(DATA SEGMENT Opens)
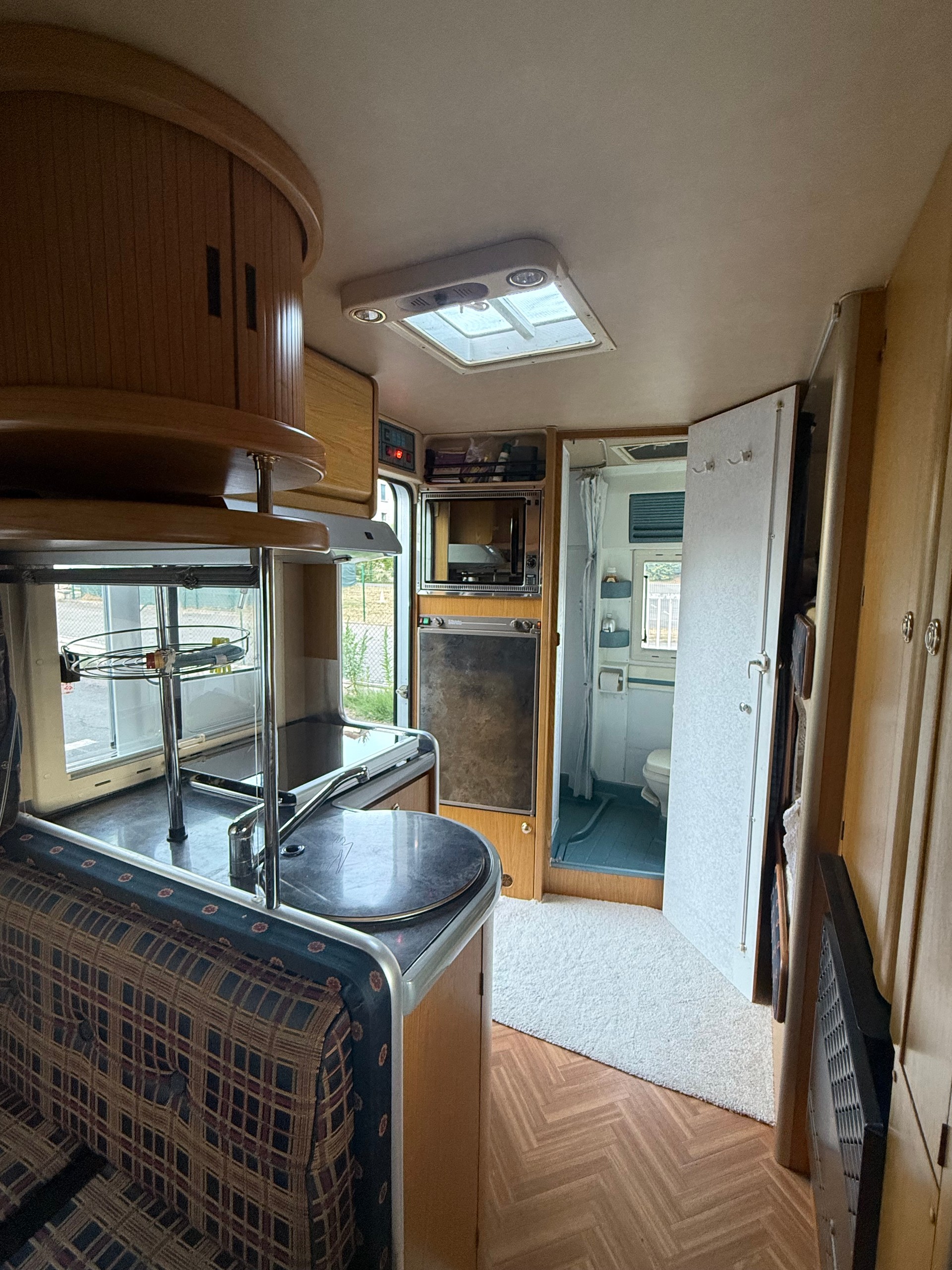LAIKA Iveco 35.12 | Laïka Ecovip 2i-image-4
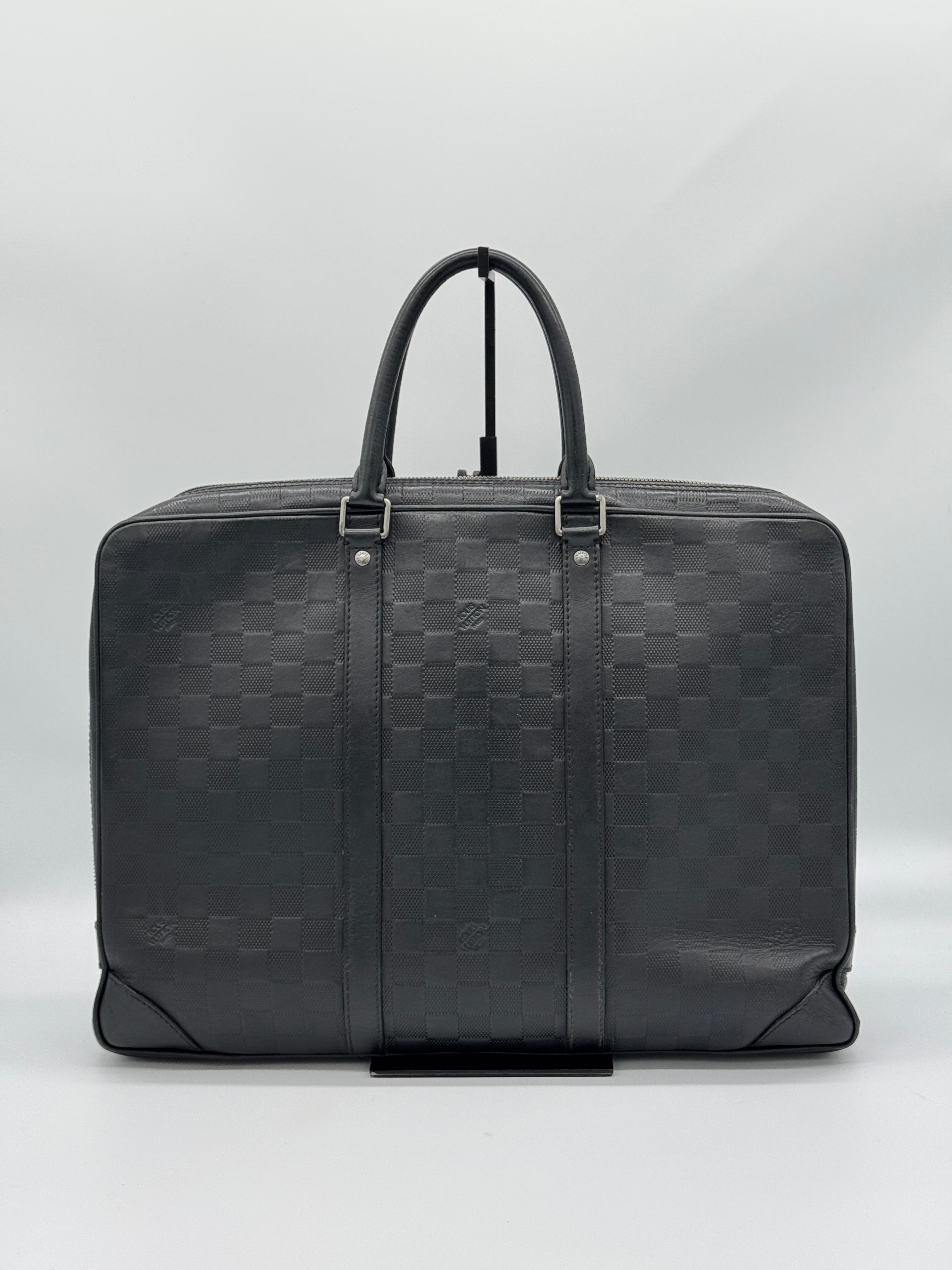 Louis Vuitton Porte Documents Voyage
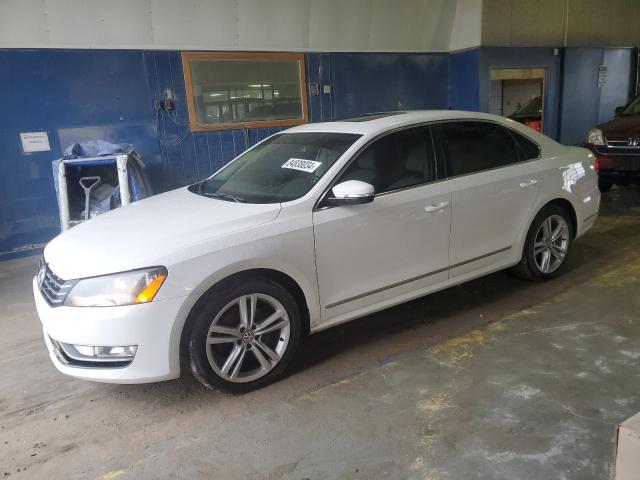  VOLKSWAGEN PASSAT 2014 Белы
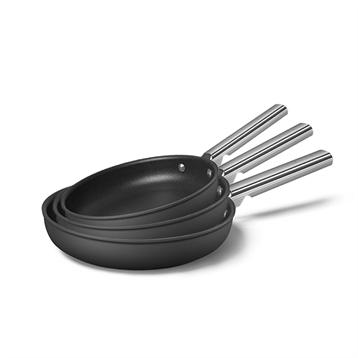 Set de 3 poêles aluminium antiadhésives noir mat Smeg Set de 3 poêles aluminium antiadhésives noir mat Smeg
(DATA SEGMENT Closes)
EXERCISE PROMPT - Leave every image out when you return the material above word for word.

SOLUTION FOR THIS TASK -
LAIKA Iveco 35.12 | Laïka Ecovip 2i-image-4
 Louis Vuitton Porte Documents Voyage
  VOLKSWAGEN PASSAT 2014 Белы
 Set de 3 poêles aluminium antiadhésives noir mat Smeg Set de 3 poêles aluminium antiadhésives noir mat Smeg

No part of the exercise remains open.